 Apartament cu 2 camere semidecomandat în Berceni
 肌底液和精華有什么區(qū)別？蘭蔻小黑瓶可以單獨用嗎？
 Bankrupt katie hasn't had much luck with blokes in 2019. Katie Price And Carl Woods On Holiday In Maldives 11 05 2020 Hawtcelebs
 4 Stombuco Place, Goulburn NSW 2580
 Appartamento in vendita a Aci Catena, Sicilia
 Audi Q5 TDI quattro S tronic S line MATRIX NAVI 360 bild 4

* * *

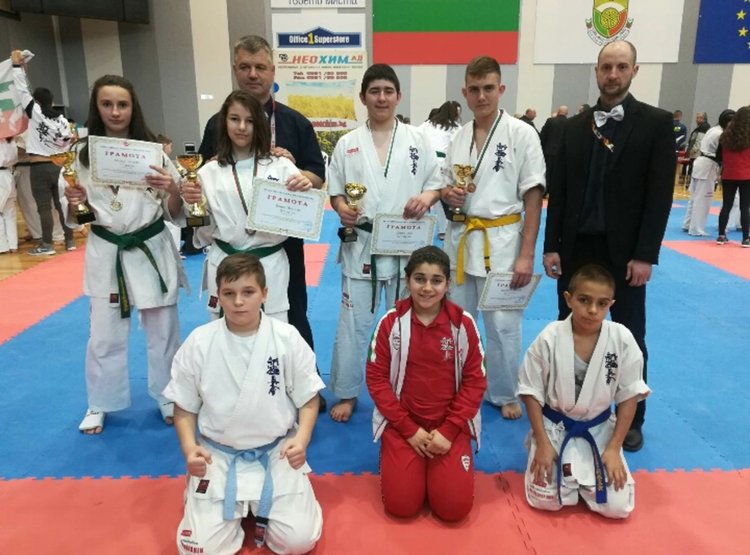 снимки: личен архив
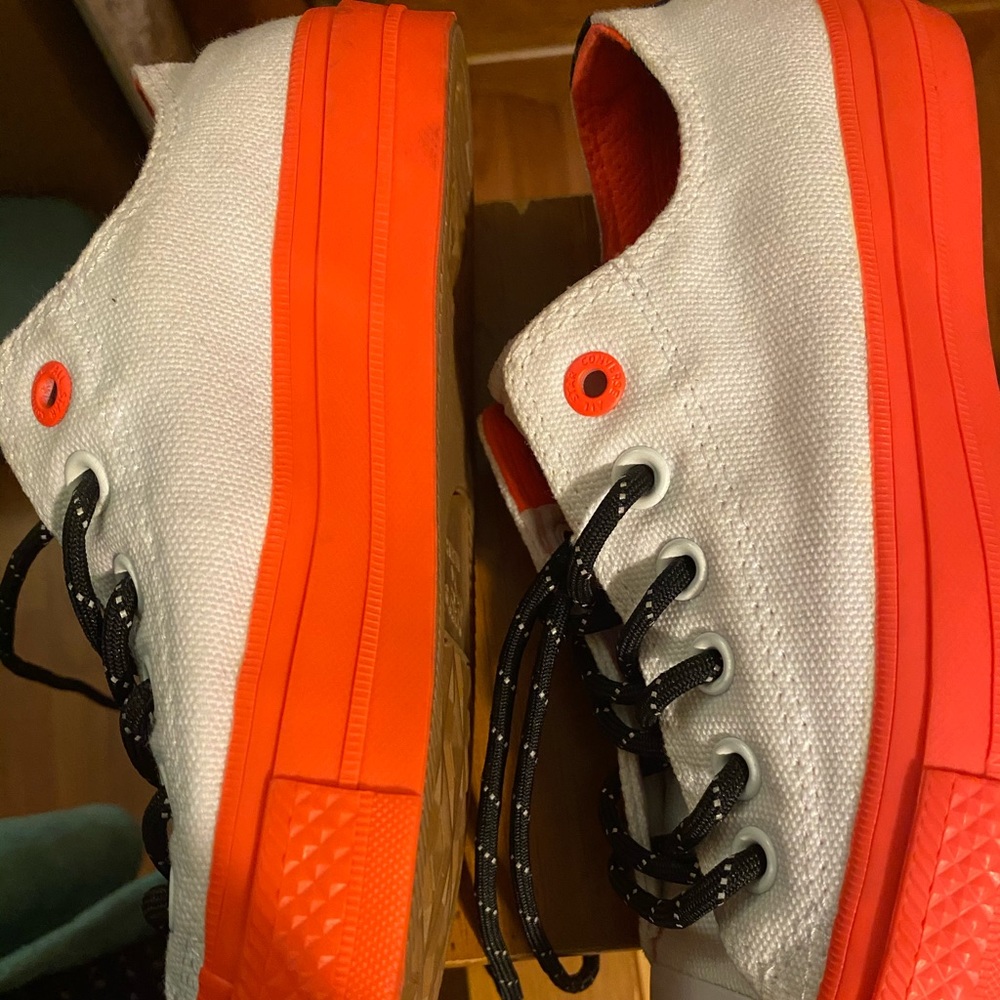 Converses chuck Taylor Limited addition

* To do
From the records above, print only the lines between the one holding "肌底液和精華有什么區(qū)別？蘭蔻小黑瓶可以單獨用嗎？" and the one holding "Audi Q5 TDI", inclusive, exactly as they stand.

* The completed task
 肌底液和精華有什么區(qū)別？蘭蔻小黑瓶可以單獨用嗎？
 Bankrupt katie hasn't had much luck with blokes in 2019. Katie Price And Carl Woods On Holiday In Maldives 11 05 2020 Hawtcelebs
 4 Stombuco Place, Goulburn NSW 2580
 Appartamento in vendita a Aci Catena, Sicilia
 Audi Q5 TDI quattro S tronic S line MATRIX NAVI 360 bild 4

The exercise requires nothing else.